I’ve held my tongue so much on this but I am beyond despair. For a while now I’ve realised that Muslim men who will amplify our voices and back us up when we (rightly) challenge Prevent, the criminalisation of Muslims and Islamophobia, sometimes become the same ones who will humiliate, ridicule, belittle, disbelieve and abandon us when we highlight misogyny, abuse and the perverse entitlement men have over women’s bodies. Go figure.

“Taking issue with the actions of a Muslim man ends up being seen as though we’re taking issue with God himself.”

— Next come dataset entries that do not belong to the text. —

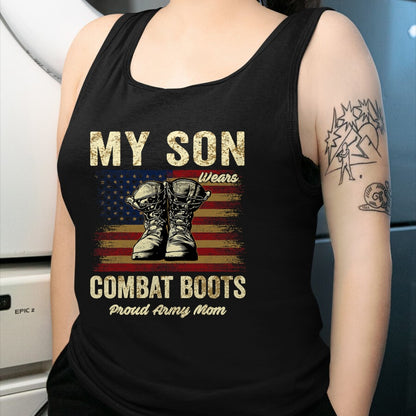 Gift for Mom Shirt, Funny Mom Unisex T-Shirt/Hoodie/Sweatshirt HLT00 - My Son Wears Combat Boots Proud Army Mom Veteran Son T-Shirt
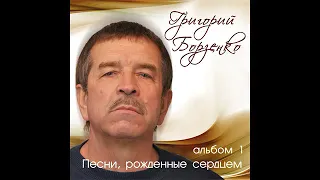 Григорий Борзенко. Песни, рожденные сердцем. Альбом №1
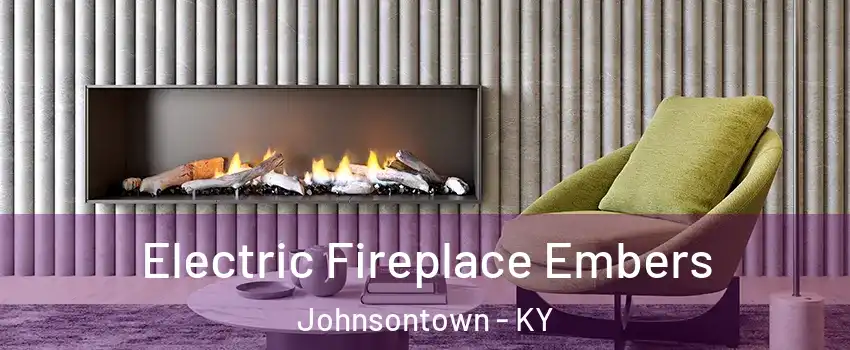 Electric Fireplace Embers Johnsontown - KY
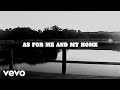 Brandon Lake As For Me My Home Lyric Video
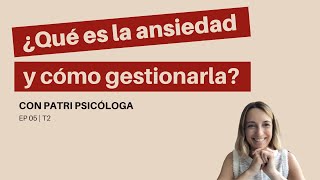 ¿Qué es la ansiedad y cómo podemos gestionarla con Patri Psicóloga  Ellas charlan solas  2x05 [upl. by Ametaf259]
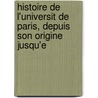 Histoire de L'Universit de Paris, Depuis Son Origine Jusqu'e door Jean Baptiste Louis Crvier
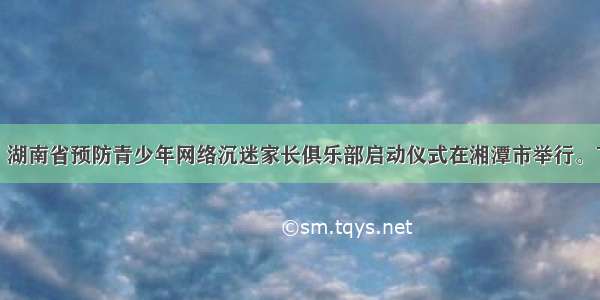 9月22日 湖南省预防青少年网络沉迷家长俱乐部启动仪式在湘潭市举行。下列关于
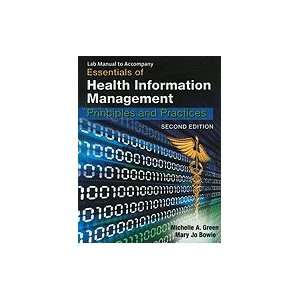 Essentials of Health Information Management Lab Manual , 2nd edition 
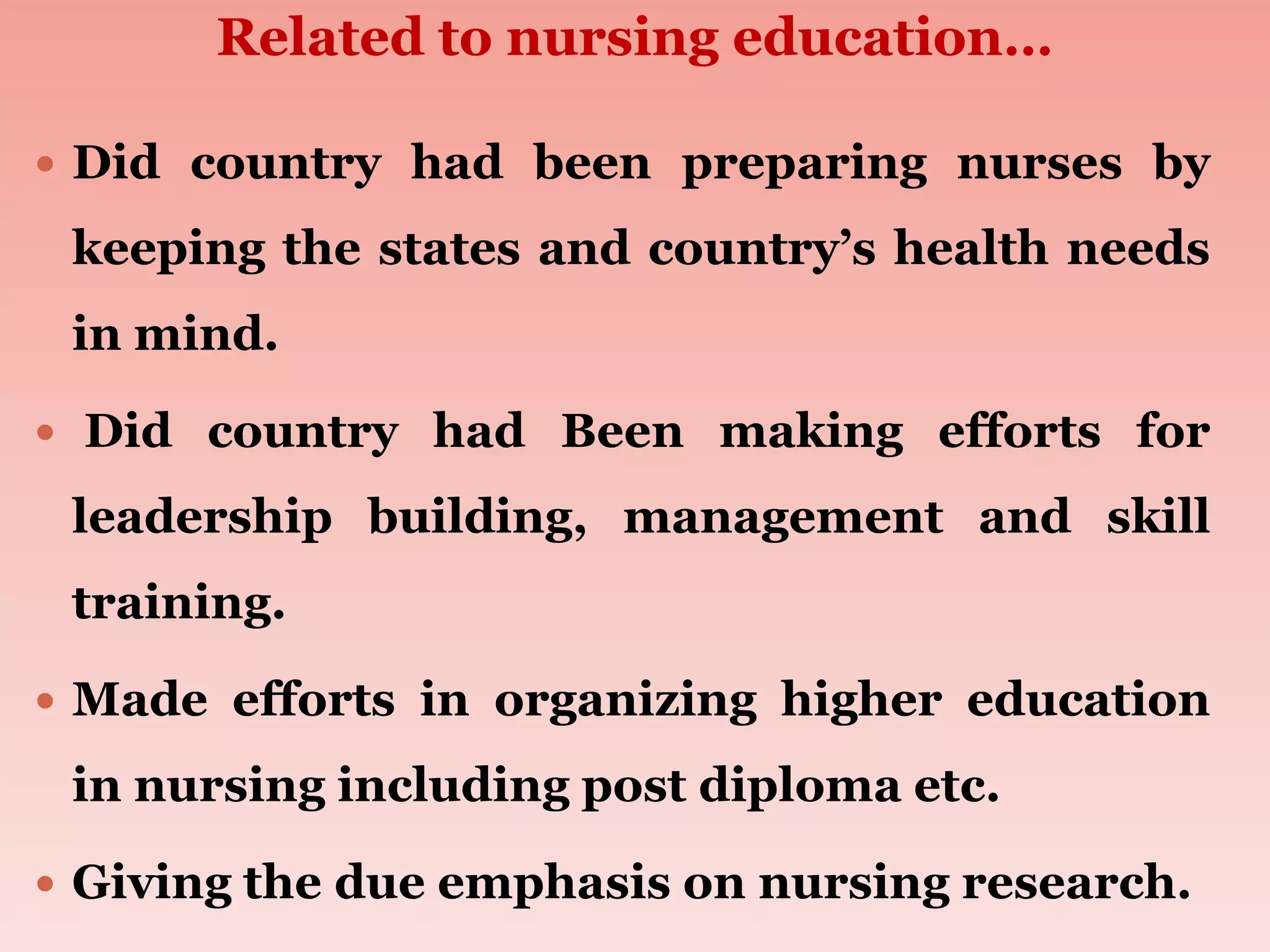 Related to nursing education…
 Did country had been preparing nurses by
keeping the states and country’s health needs
in mind.
 Did country had Been making efforts for
leadership building, management and skill
training.
 Made efforts in organizing higher education
in nursing including post diploma etc.
 Giving the due emphasis on nursing research.
 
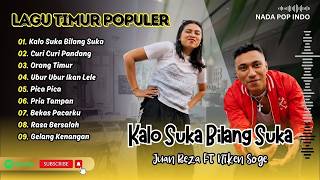 Cover Juan Reza FT Niken Soge - KALO SUKA BILANG SUKA CURI CURI PANDANG LAGU TIMUR TERPOPULER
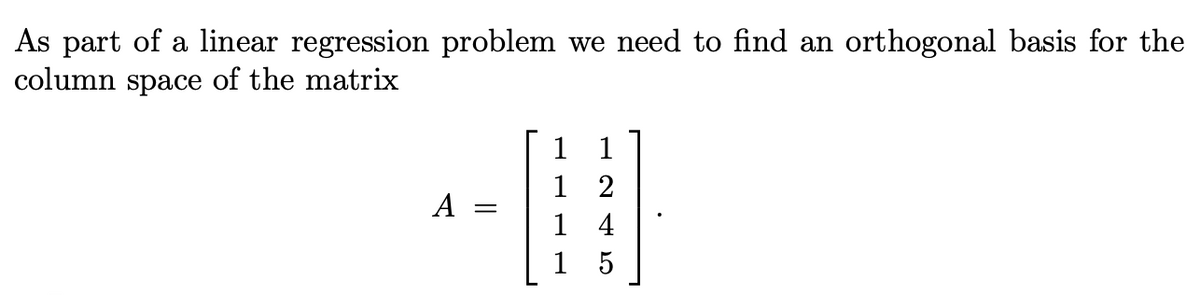 As part of a linear regression problem we need to find an orthogonal basis for the
column space of the matrix
A
=
1
1
1
1
1
2
4
5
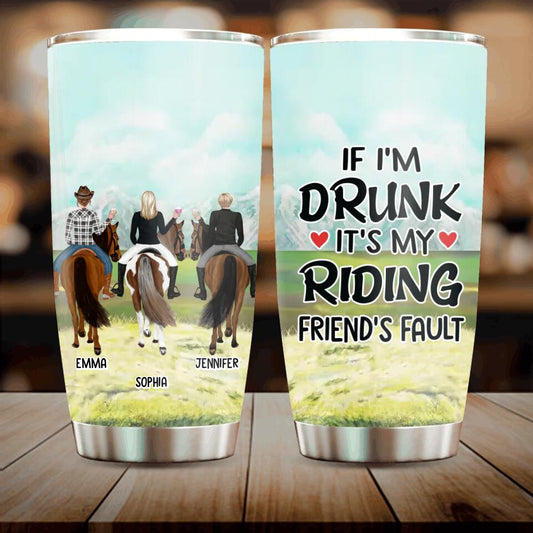 Personalized Girls Riding Horses Tumbler - Up to 3 Girls - Gift For Friends/Besties/Horse Lovers - If I'm Drunk It's My Riding Friend's Fault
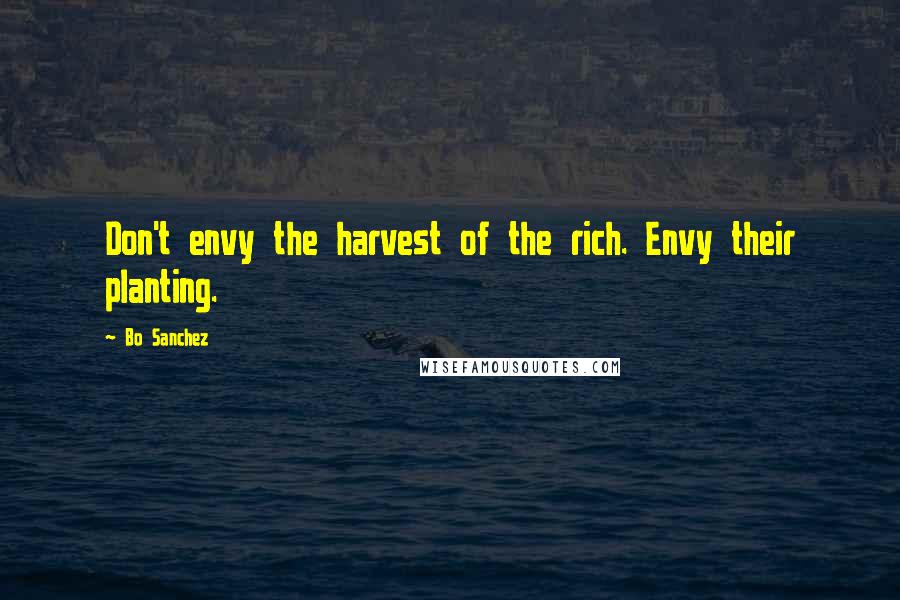 Bo Sanchez Quotes: Don't envy the harvest of the rich. Envy their planting.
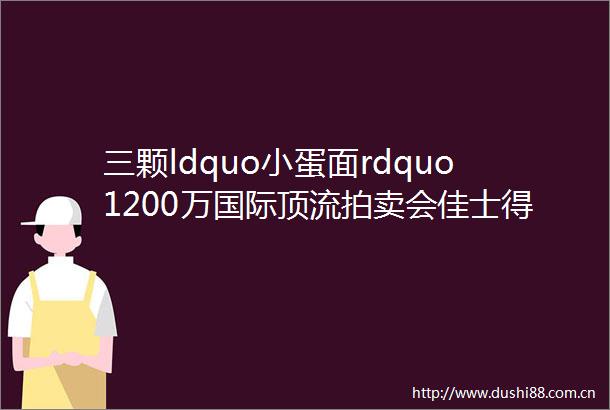 三颗ldquo小蛋面rdquo1200万国际顶流拍卖会佳士得放话翡翠里就它最赚钱
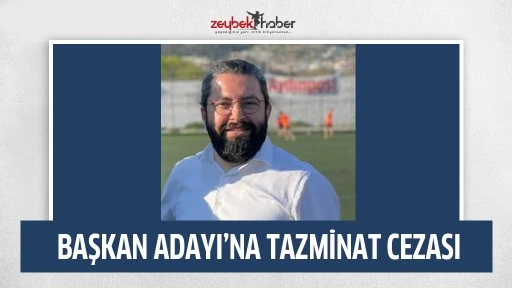 BAŞKAN ADAYI&rsquo;NA TAZMİNAT CEZASI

Thankfully, this isn’t reflective of the majority of good people. But for this specific type – solidarity is too much to ask, instead we’re given lectures about how we need to turn back to Islam for answers to the problems we try to challenge. They won’t even engage or accept that a woman’s experiences are different from their own. They’ll find a way to absolve men and accuse you of fitnah. They’ll act as though they’re the upholders, the gatekeepers, the defenders, owners and protectors of the religion and we’re just Muslim by accident. Taking issue with the actions of a Muslim man ends up being seen as though we’re taking issue with God himself. Seek your answers, they’ll say – but only where we tell you that you can. As though a woman highlighting misogyny renders her an outside observer.

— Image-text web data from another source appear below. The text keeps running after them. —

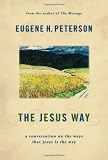 The Jesus Way: A Conversation on the Ways That Jesus Is the Way
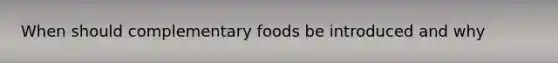 When should complementary foods be introduced and why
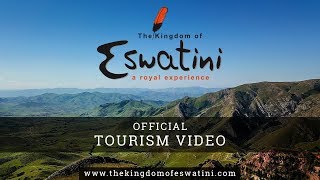 The Kingdom of Eswatini Swaziland  Official Tourism Video [upl. by Julita]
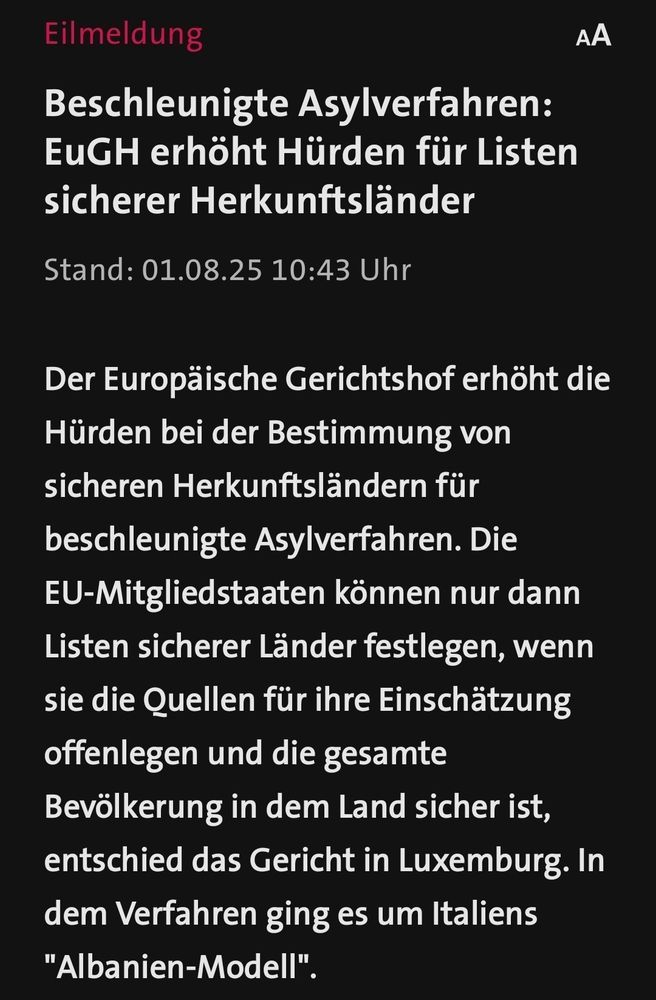 Tagesschau Eilmeldung 
Eilmeldung

Beschleunigte Asylverfahren: EuGH erhöht Hürden für Listen sicherer Herkunftsländer

Stand: 01.08.25 10:43 Uhr

Der Europäische Gerichtshof erhöht die Hürden bei der Bestimmung von sicheren Herkunftsländern für beschleunigte Asylverfahren. Die EU-Mitgliedstaaten können nur dann Listen sicherer Länder festlegen, wenn sie die Quellen für ihre Einschätzung offenlegen und die gesamte Bevölkerung in dem Land sicher ist, entschied das Gericht in Luxemburg. In dem Verfahren ging es um Italiens "Albanien-Modell 
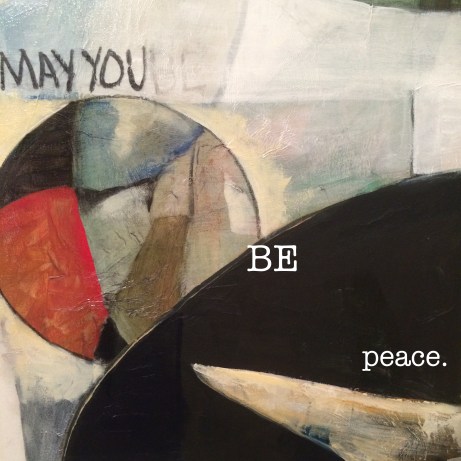 2mayyouBEpeace jpeg copy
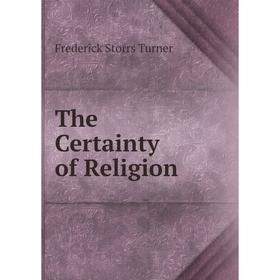 

Книга The Certainty of Religion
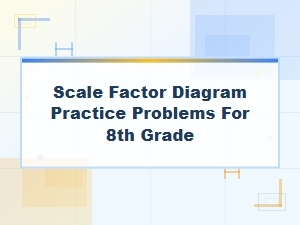 Mastering Scale Factor Diagrams with Practice Problems
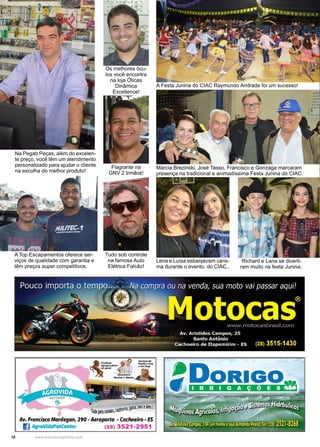 18 www.reportercapixaba.com
Márcia Brezinski, José Tasso, Francisco e Gonzaga marcaram
presença na tradicional e animadíssima Festa Junina do CIAC.
Richard e Lana se diverti-
ram muito na festa Junina..
Lena e Luísa esbanjavam caris-
ma durante o evento. do CIAC..
A Festa Junina do CIAC Raymundo Andrade foi um sucesso!
Os melhores ócu-
los você encontra
na loja Óticas
Dinâmica
Excellence!
Flagrante na
GNV 2 Irmãos!
Tudo sob controle
na famosa Auto
Elétrica Falcão!
Na Pegab Peças, além do excelen-
te preço, você têm um atendimento
personalizado para ajudar o cliente
na escolha do melhor produto!
A Top Escapamentos oferece ser-
viços de qualidade com garantia e
têm preços super competitivos.
1•aios,ijost am!
Tudtparacmlos,cathOUO "
Av. Francisco Mardegan, 290 - Aeroporto - Cachoeiro - ES
I] AgroVidaPetCenter (28) 3521-2951
 
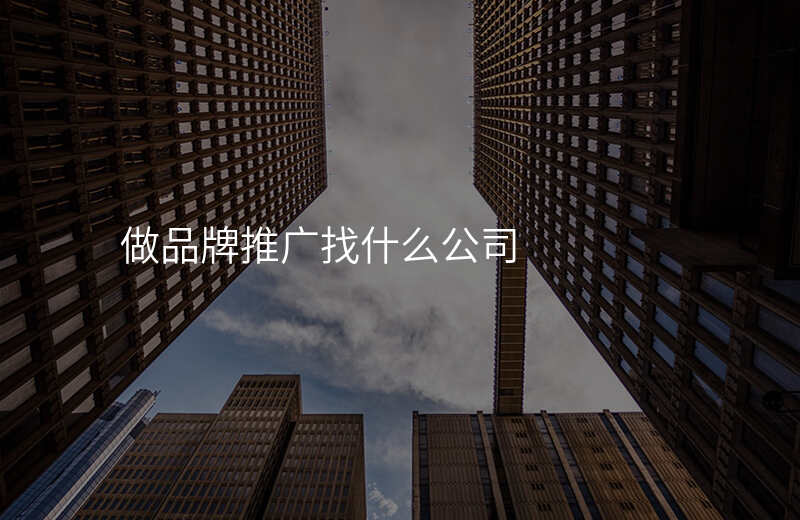 做品牌推广找什么公司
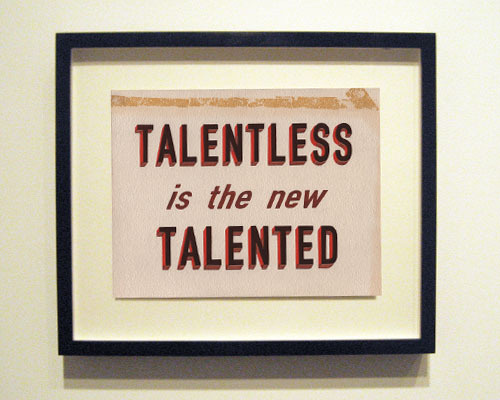 Talentless via this isn't happiness™ #talentless #singage #lettering #sign #talent #painting #typography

If you think this doesn’t describe you – fantastic – but don’t think that this attitude doesn’t exist. I face it all too often. I’m sick of repeating myself and I’m even sicker of conversations that begin on the premise that women have to sacrifice themselves and keep silent about problems to afford the wider community some sort of protection.

So I’ll invite you to reflect, if this is the way you think – if you have such an established response to how we struggle against sexism – where’s your contribution? How often have you told your fellow men to abandon their superiority complexes and their abuse and violence as vociferously as you tell women to abandon their voice? How many battered women have you given shelter to? How many times have you stopped a man from belittling a woman’s experience in the workplace, on the street, outside the mosque, on Facebook or Twitter? What schemes have you put in place to ensure women have access to scholarship and education and training? Where are the rape crisis centres you’ve campaigned to keep open? Where are the mosque floors you’ve built so that women can access prayer and support. What is your record? What will you say to God on the day of judgement when the woman you’ve wronged complains of your treatment?

After all, why are women in your own community viewed as suspect when they raise their voice about abuse? Do you dispute the systematic rape of Bosnian and Rohingya women? The oppression of Palestinian women? Why can you only see our humanity when someone else is robbing us of it? Why are you blind to it yourselves?

I’m sick of this ignorant response, and maybe it’s my fault for expecting better from people who claim to follow the example of Prophet Muhammad (saw). So my polite request is that if you can’t say anything to help, then don’t say anything to me at all.

I pray that these people never get to experience even an ounce of what women have to suffer at the hands of men. If they knew of it, they would never dream of belittling us. May Allah swt forgive them because at this point, I have no capacity to even try.

By Samayya Afzal

This post was originally put up as a public Facebook post on Samayya’s personal Facebook profile. We felt this plea to Muslim men everywhere was very important and needed amplification. 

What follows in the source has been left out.